Pendle peer Lord Greaves branded proposals to turn all public election into all-postal voting elections "a retrograde and very dangerous step".

In the debate on the Queen's Speech in the House of Lords he referred to pilot projects in Blackburn, Burnley and Pendle.

He said: "The pilots have been widely seen as improving turnout, which I think means increasing turnout, but there is a very important difference between the number of votes sent back and the number of people who actually send those votes back.

"A great deal of evidence shows that postal voting is associated with a lot of low level, fairly benign fraud, and that it can be, and in some cases is, associated with very severe and organised electoral fraud."

He said that from some of the local election pilots that had taken place, and from postal votes in other places - particularly Oldham, Blackburn, Burnley and Pendle, all of which had led to police investigations and complaints - it was clear that postal voting could easily be abused.

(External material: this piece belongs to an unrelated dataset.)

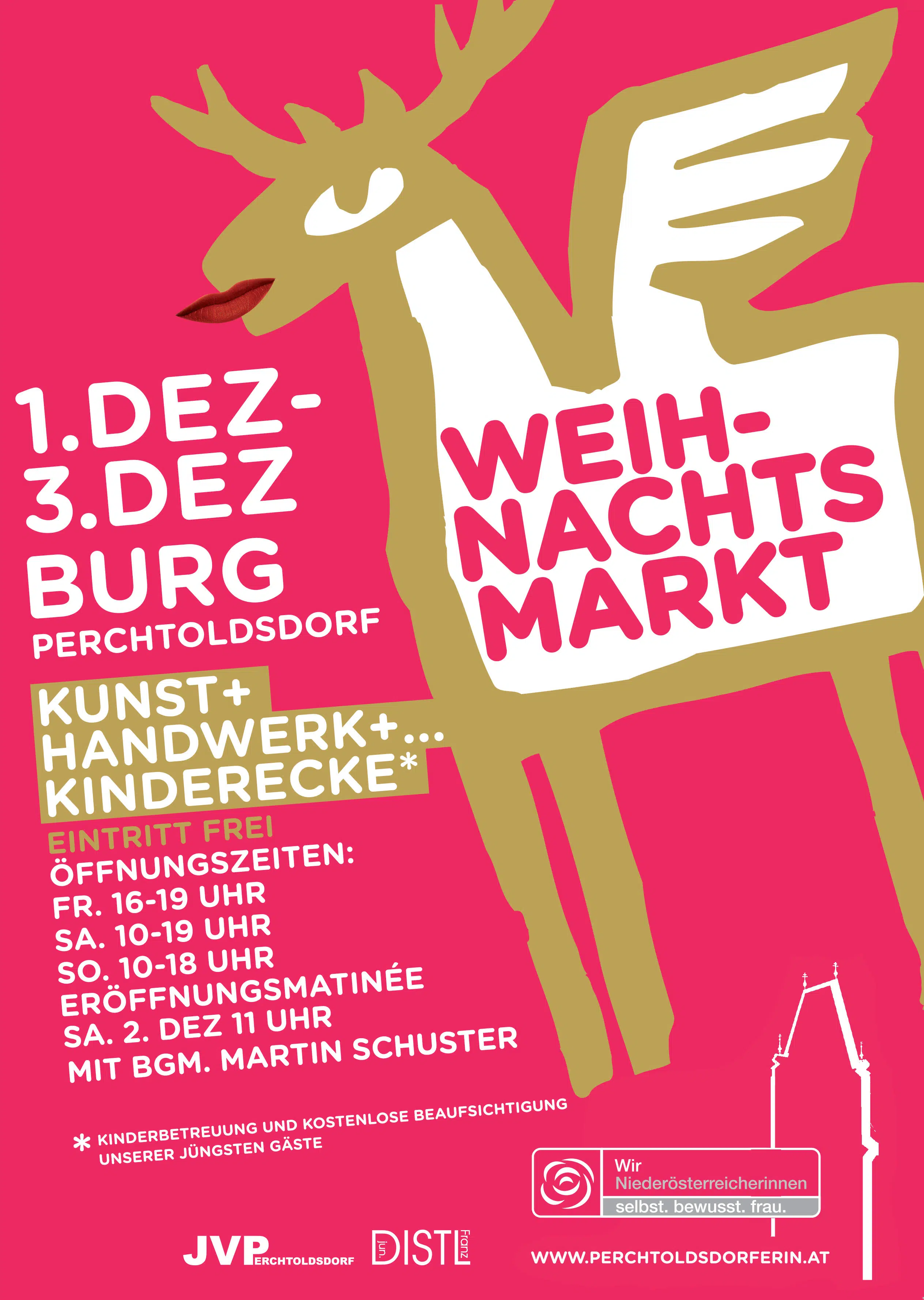 Weihnachtsmarkt in der Burg Perchtoldsdorf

Lord Greaves added: "The safeguards are simply not there to make sure that the people vote in person - that someone else does not vote for them - and in private, without anyone standing over their shoulder telling them what to do and watching how they do it.

"The classic way of doing fraud is that an activist from the party - someone's agent - follows the postman and picks up the votes.

"They either make sure that they are filled in there and then - they might allow them to do it in private or stand over them and make sure they have done it properly (they might want to check all the votes before they are put in the envelopes) - or simply take them away and get them filled in.

"All that has happened in a number of places recently.

"I am not saying that it is rife across the country but, in certain places and in certain communities, it is very dangerous.

"If politicians can cheat, some politicians will cheat. Widespread postal voting is wide open to people who want to cheat.

"Under the present circumstances and without inventing some very substantial new ways of stopping the abuse, it is a recipe for widespread electoral fraud, voting corruption and, inevitably, a number of activists - probably from all political parties - ending up in prison."